In 2001, the Tasini vs. New York Times Supreme Court decision vindicated a number of freelancers who had seen the New York Times and other publishers pass their work on to electronic databases without permission or remuneration. Not long after that, the Authors Guild helped a number of other freelancers file a similar class-action suit against the Times and various other publishers, for redistributing their work through Lexis/Nexis.

The reason behind the delays was effectively the same as in Google Books: bureaucracy and stalled negotiations. No one seems terribly pleased that it took this long, but the sources quoted in the New York Times article were happy the logjam had finally been broken after all this time.

The thing I find the most interesting is how these lawsuits are unmistakable artifacts of the transition to the digital age. They came right at the cusp, when digital databases and redistribution were coming in, but before publishers had adjusted their publishing contracts to deal with digital rights. Since the digital rights had not been assigned in those original contracts, the authors—and, eventually, the courts—held that those digital rights still resided with the authors, and publishers who proceeded as if they were part and parcel of the print rights they held did so at their peril.

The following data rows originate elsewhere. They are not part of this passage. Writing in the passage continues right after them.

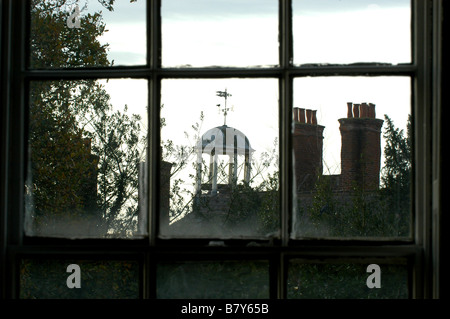 Blick aus einem der Fenster in The Mount Shrewsbury, Geburtsort von Charles Darwin Stockfoto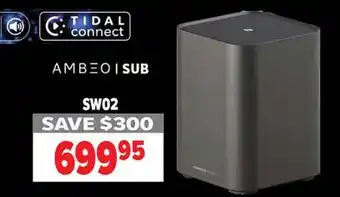 2001 Audio Video SW02 8 Powered Subwoofer offer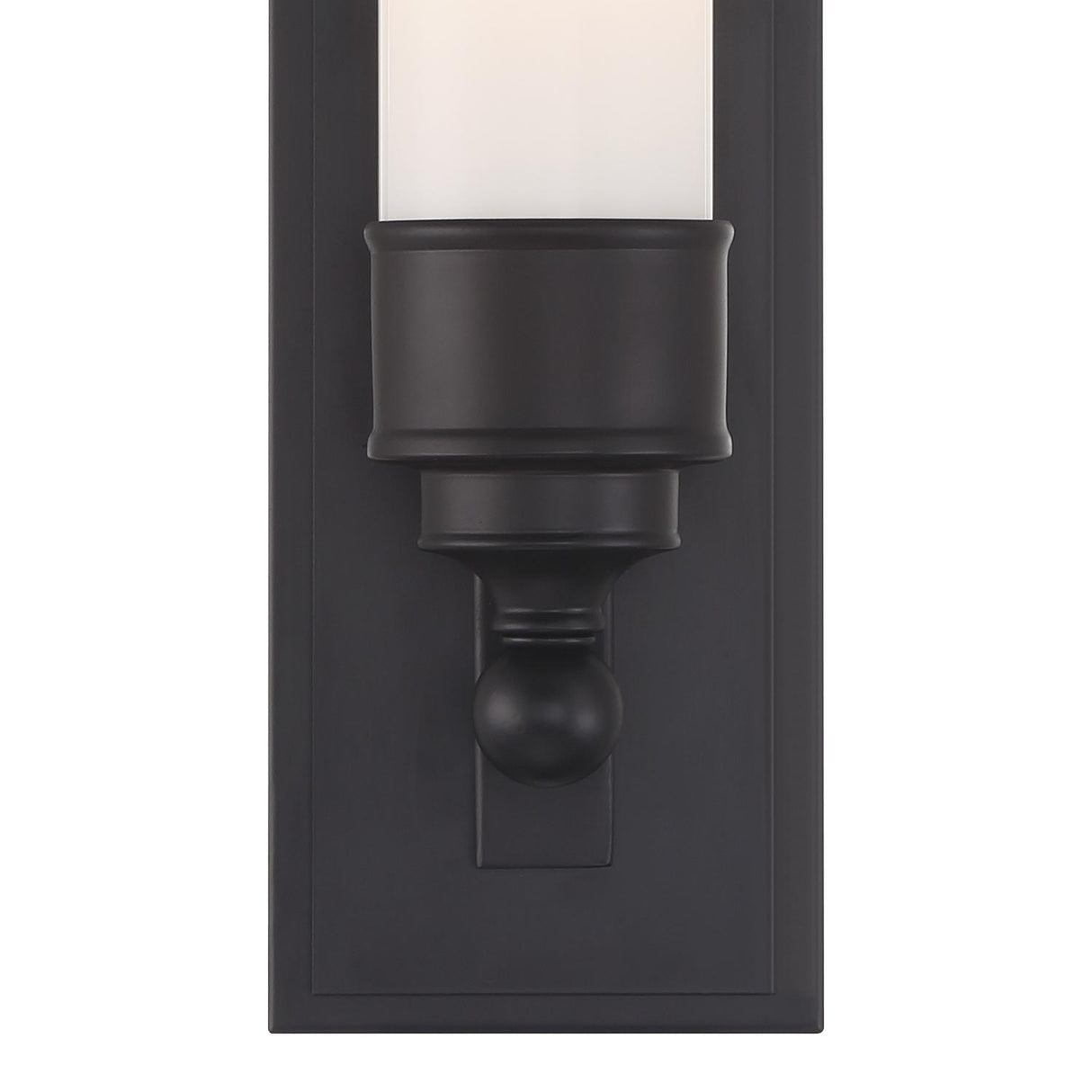 Crystorama Wilcox 1 Light LED Matte Black Sconce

But by its very nature, this was also a lawsuit that can’t happen again. Ever since the Tasini lawsuit was filed, the publishers have amended their contracts to cover digital as well as print rights. So in a way, this lawsuit is also the last gasp of a long-gone era—because until and unless some entirely new medium is invented that current contracts don’t cover, publishers once again have all the rights fully in hand.

The Authors Guild is, of course, bragging about this success:

“For the Authors Guild, this is our bread and butter — to make sure the authors and journalists get paid,” said Mary Rasenberger, the executive director of the Authors Guild. “We’re small but we do punch above our weight.”

And Authors Guild member James Gleick, another plaintiff in the case, also expressed happiness over the eventual outcome.

After such a long and hard-fought victory, they’re certainly entitled. And, indeed, in such a matter as this where they’re fighting over clearly defined rights that a contract didn’t cover, they’re certainly entitled to their victory as well. It’s just when they try to limit the scope of fair use rights to keep Google from building a useful tool because they might possibly make some money out of it that the really need to go back to the drawing board.